#### Problem statement
Print the listing once more, exactly as written.

#### Material for this exercise
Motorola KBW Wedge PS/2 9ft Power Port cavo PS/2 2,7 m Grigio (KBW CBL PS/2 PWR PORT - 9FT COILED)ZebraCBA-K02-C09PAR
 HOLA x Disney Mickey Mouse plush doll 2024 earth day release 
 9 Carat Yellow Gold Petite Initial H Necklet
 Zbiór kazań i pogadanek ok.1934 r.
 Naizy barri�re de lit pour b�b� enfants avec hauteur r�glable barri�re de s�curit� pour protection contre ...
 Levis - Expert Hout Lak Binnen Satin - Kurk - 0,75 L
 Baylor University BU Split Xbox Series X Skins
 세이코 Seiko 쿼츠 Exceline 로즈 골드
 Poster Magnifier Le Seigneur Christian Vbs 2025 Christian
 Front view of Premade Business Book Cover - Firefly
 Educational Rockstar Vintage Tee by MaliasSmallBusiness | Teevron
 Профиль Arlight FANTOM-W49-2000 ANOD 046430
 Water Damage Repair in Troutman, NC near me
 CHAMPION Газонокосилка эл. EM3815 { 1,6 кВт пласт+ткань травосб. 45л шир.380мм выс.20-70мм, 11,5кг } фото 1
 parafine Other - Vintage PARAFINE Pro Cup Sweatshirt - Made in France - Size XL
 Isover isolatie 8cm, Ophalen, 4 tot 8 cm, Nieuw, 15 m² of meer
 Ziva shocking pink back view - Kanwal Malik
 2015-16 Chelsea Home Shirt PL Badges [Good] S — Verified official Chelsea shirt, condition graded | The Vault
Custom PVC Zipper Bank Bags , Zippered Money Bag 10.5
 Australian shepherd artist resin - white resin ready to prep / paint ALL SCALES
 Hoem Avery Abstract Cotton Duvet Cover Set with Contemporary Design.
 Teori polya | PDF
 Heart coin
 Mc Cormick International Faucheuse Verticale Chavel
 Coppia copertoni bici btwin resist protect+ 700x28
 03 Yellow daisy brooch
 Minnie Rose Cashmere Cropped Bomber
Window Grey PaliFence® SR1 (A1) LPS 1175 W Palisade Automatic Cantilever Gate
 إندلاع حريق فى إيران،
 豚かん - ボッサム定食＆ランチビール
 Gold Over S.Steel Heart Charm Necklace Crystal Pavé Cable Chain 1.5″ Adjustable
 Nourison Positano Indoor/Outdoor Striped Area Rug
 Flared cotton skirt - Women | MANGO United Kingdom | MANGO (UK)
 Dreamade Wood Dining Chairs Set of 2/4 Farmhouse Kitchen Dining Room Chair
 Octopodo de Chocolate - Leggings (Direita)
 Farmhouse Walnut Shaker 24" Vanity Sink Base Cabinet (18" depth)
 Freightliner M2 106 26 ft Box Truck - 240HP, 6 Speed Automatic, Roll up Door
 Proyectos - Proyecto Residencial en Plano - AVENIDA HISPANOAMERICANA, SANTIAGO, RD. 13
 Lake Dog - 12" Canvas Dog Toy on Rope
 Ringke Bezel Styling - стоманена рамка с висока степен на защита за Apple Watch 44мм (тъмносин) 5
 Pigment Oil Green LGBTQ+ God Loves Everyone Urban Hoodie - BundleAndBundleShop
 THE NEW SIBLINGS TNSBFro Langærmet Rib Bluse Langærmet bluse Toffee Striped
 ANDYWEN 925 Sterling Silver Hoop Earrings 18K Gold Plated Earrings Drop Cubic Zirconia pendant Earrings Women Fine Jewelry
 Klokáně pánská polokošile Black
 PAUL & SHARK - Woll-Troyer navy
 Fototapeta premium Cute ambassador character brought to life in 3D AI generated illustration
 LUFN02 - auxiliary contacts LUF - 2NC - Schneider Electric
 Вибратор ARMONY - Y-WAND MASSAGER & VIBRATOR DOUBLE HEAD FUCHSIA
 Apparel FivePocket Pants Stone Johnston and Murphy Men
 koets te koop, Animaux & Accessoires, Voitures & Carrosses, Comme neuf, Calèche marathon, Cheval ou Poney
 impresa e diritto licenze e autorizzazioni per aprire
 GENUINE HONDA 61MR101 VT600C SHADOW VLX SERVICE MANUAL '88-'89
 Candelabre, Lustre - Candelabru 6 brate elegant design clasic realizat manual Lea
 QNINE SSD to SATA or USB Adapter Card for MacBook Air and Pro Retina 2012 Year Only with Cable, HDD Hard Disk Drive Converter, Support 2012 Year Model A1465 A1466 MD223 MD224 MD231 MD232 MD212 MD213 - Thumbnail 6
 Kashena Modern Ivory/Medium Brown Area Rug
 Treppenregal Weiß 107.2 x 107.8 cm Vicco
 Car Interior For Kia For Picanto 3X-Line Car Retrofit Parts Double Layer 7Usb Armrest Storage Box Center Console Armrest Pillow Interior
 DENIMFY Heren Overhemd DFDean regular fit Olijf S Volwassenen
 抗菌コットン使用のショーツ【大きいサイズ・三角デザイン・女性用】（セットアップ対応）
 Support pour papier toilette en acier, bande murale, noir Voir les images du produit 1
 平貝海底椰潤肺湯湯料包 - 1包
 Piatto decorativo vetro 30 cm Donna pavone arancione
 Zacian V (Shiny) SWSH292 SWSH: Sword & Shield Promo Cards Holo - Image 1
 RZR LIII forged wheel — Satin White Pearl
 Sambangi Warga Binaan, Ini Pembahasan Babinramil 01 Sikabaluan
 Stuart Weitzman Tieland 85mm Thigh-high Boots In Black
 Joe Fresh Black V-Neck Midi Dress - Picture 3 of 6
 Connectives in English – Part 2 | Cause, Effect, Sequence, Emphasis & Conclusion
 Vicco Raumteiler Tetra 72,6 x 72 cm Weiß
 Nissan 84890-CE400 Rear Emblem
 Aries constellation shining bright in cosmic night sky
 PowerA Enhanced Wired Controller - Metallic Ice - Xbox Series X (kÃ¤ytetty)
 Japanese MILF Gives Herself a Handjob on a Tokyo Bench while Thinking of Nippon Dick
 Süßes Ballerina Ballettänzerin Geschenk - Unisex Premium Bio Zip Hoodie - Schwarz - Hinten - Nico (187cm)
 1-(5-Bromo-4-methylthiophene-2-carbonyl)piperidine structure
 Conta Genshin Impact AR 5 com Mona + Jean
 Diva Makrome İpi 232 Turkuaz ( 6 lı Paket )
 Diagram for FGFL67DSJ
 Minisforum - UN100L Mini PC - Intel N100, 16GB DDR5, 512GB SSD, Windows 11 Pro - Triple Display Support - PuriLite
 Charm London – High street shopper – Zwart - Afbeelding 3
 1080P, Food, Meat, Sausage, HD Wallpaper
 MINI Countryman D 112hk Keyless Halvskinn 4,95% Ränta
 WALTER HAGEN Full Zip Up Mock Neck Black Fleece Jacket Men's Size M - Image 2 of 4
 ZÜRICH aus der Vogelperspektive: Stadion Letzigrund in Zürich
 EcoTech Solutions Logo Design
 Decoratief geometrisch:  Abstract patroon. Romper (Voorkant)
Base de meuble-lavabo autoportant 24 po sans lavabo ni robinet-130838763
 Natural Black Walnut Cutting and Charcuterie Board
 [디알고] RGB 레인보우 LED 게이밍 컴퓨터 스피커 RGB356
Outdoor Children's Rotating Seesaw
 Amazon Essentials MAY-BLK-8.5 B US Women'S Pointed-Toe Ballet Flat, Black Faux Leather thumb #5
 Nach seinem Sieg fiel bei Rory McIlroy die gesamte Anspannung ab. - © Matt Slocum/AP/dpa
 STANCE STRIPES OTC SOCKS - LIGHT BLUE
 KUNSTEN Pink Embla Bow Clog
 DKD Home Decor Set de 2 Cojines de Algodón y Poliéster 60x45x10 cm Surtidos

#### Solution
Motorola KBW Wedge PS/2 9ft Power Port cavo PS/2 2,7 m Grigio (KBW CBL PS/2 PWR PORT - 9FT COILED)ZebraCBA-K02-C09PAR
 HOLA x Disney Mickey Mouse plush doll 2024 earth day release 
 9 Carat Yellow Gold Petite Initial H Necklet
 Zbiór kazań i pogadanek ok.1934 r.
 Naizy barri�re de lit pour b�b� enfants avec hauteur r�glable barri�re de s�curit� pour protection contre ...
 Levis - Expert Hout Lak Binnen Satin - Kurk - 0,75 L
 Baylor University BU Split Xbox Series X Skins
 세이코 Seiko 쿼츠 Exceline 로즈 골드
 Poster Magnifier Le Seigneur Christian Vbs 2025 Christian
 Front view of Premade Business Book Cover - Firefly
 Educational Rockstar Vintage Tee by MaliasSmallBusiness | Teevron
 Профиль Arlight FANTOM-W49-2000 ANOD 046430
 Water Damage Repair in Troutman, NC near me
 CHAMPION Газонокосилка эл. EM3815 { 1,6 кВт пласт+ткань травосб. 45л шир.380мм выс.20-70мм, 11,5кг } фото 1
 parafine Other - Vintage PARAFINE Pro Cup Sweatshirt - Made in France - Size XL
 Isover isolatie 8cm, Ophalen, 4 tot 8 cm, Nieuw, 15 m² of meer
 Ziva shocking pink back view - Kanwal Malik
 2015-16 Chelsea Home Shirt PL Badges [Good] S — Verified official Chelsea shirt, condition graded | The Vault
Custom PVC Zipper Bank Bags , Zippered Money Bag 10.5
 Australian shepherd artist resin - white resin ready to prep / paint ALL SCALES
 Hoem Avery Abstract Cotton Duvet Cover Set with Contemporary Design.
 Teori polya | PDF
 Heart coin
 Mc Cormick International Faucheuse Verticale Chavel
 Coppia copertoni bici btwin resist protect+ 700x28
 03 Yellow daisy brooch
 Minnie Rose Cashmere Cropped Bomber
Window Grey PaliFence® SR1 (A1) LPS 1175 W Palisade Automatic Cantilever Gate
 إندلاع حريق فى إيران،
 豚かん - ボッサム定食＆ランチビール
 Gold Over S.Steel Heart Charm Necklace Crystal Pavé Cable Chain 1.5″ Adjustable
 Nourison Positano Indoor/Outdoor Striped Area Rug
 Flared cotton skirt - Women | MANGO United Kingdom | MANGO (UK)
 Dreamade Wood Dining Chairs Set of 2/4 Farmhouse Kitchen Dining Room Chair
 Octopodo de Chocolate - Leggings (Direita)
 Farmhouse Walnut Shaker 24" Vanity Sink Base Cabinet (18" depth)
 Freightliner M2 106 26 ft Box Truck - 240HP, 6 Speed Automatic, Roll up Door
 Proyectos - Proyecto Residencial en Plano - AVENIDA HISPANOAMERICANA, SANTIAGO, RD. 13
 Lake Dog - 12" Canvas Dog Toy on Rope
 Ringke Bezel Styling - стоманена рамка с висока степен на защита за Apple Watch 44мм (тъмносин) 5
 Pigment Oil Green LGBTQ+ God Loves Everyone Urban Hoodie - BundleAndBundleShop
 THE NEW SIBLINGS TNSBFro Langærmet Rib Bluse Langærmet bluse Toffee Striped
 ANDYWEN 925 Sterling Silver Hoop Earrings 18K Gold Plated Earrings Drop Cubic Zirconia pendant Earrings Women Fine Jewelry
 Klokáně pánská polokošile Black
 PAUL & SHARK - Woll-Troyer navy
 Fototapeta premium Cute ambassador character brought to life in 3D AI generated illustration
 LUFN02 - auxiliary contacts LUF - 2NC - Schneider Electric
 Вибратор ARMONY - Y-WAND MASSAGER & VIBRATOR DOUBLE HEAD FUCHSIA
 Apparel FivePocket Pants Stone Johnston and Murphy Men
 koets te koop, Animaux & Accessoires, Voitures & Carrosses, Comme neuf, Calèche marathon, Cheval ou Poney
 impresa e diritto licenze e autorizzazioni per aprire
 GENUINE HONDA 61MR101 VT600C SHADOW VLX SERVICE MANUAL '88-'89
 Candelabre, Lustre - Candelabru 6 brate elegant design clasic realizat manual Lea
 QNINE SSD to SATA or USB Adapter Card for MacBook Air and Pro Retina 2012 Year Only with Cable, HDD Hard Disk Drive Converter, Support 2012 Year Model A1465 A1466 MD223 MD224 MD231 MD232 MD212 MD213 - Thumbnail 6
 Kashena Modern Ivory/Medium Brown Area Rug
 Treppenregal Weiß 107.2 x 107.8 cm Vicco
 Car Interior For Kia For Picanto 3X-Line Car Retrofit Parts Double Layer 7Usb Armrest Storage Box Center Console Armrest Pillow Interior
 DENIMFY Heren Overhemd DFDean regular fit Olijf S Volwassenen
 抗菌コットン使用のショーツ【大きいサイズ・三角デザイン・女性用】（セットアップ対応）
 Support pour papier toilette en acier, bande murale, noir Voir les images du produit 1
 平貝海底椰潤肺湯湯料包 - 1包
 Piatto decorativo vetro 30 cm Donna pavone arancione
 Zacian V (Shiny) SWSH292 SWSH: Sword & Shield Promo Cards Holo - Image 1
 RZR LIII forged wheel — Satin White Pearl
 Sambangi Warga Binaan, Ini Pembahasan Babinramil 01 Sikabaluan
 Stuart Weitzman Tieland 85mm Thigh-high Boots In Black
 Joe Fresh Black V-Neck Midi Dress - Picture 3 of 6
 Connectives in English – Part 2 | Cause, Effect, Sequence, Emphasis & Conclusion
 Vicco Raumteiler Tetra 72,6 x 72 cm Weiß
 Nissan 84890-CE400 Rear Emblem
 Aries constellation shining bright in cosmic night sky
 PowerA Enhanced Wired Controller - Metallic Ice - Xbox Series X (kÃ¤ytetty)
 Japanese MILF Gives Herself a Handjob on a Tokyo Bench while Thinking of Nippon Dick
 Süßes Ballerina Ballettänzerin Geschenk - Unisex Premium Bio Zip Hoodie - Schwarz - Hinten - Nico (187cm)
 1-(5-Bromo-4-methylthiophene-2-carbonyl)piperidine structure
 Conta Genshin Impact AR 5 com Mona + Jean
 Diva Makrome İpi 232 Turkuaz ( 6 lı Paket )
 Diagram for FGFL67DSJ
 Minisforum - UN100L Mini PC - Intel N100, 16GB DDR5, 512GB SSD, Windows 11 Pro - Triple Display Support - PuriLite
 Charm London – High street shopper – Zwart - Afbeelding 3
 1080P, Food, Meat, Sausage, HD Wallpaper
 MINI Countryman D 112hk Keyless Halvskinn 4,95% Ränta
 WALTER HAGEN Full Zip Up Mock Neck Black Fleece Jacket Men's Size M - Image 2 of 4
 ZÜRICH aus der Vogelperspektive: Stadion Letzigrund in Zürich
 EcoTech Solutions Logo Design
 Decoratief geometrisch:  Abstract patroon. Romper (Voorkant)
Base de meuble-lavabo autoportant 24 po sans lavabo ni robinet-130838763
 Natural Black Walnut Cutting and Charcuterie Board
 [디알고] RGB 레인보우 LED 게이밍 컴퓨터 스피커 RGB356
Outdoor Children's Rotating Seesaw
 Amazon Essentials MAY-BLK-8.5 B US Women'S Pointed-Toe Ballet Flat, Black Faux Leather thumb #5
 Nach seinem Sieg fiel bei Rory McIlroy die gesamte Anspannung ab. - © Matt Slocum/AP/dpa
 STANCE STRIPES OTC SOCKS - LIGHT BLUE
 KUNSTEN Pink Embla Bow Clog
 DKD Home Decor Set de 2 Cojines de Algodón y Poliéster 60x45x10 cm Surtidos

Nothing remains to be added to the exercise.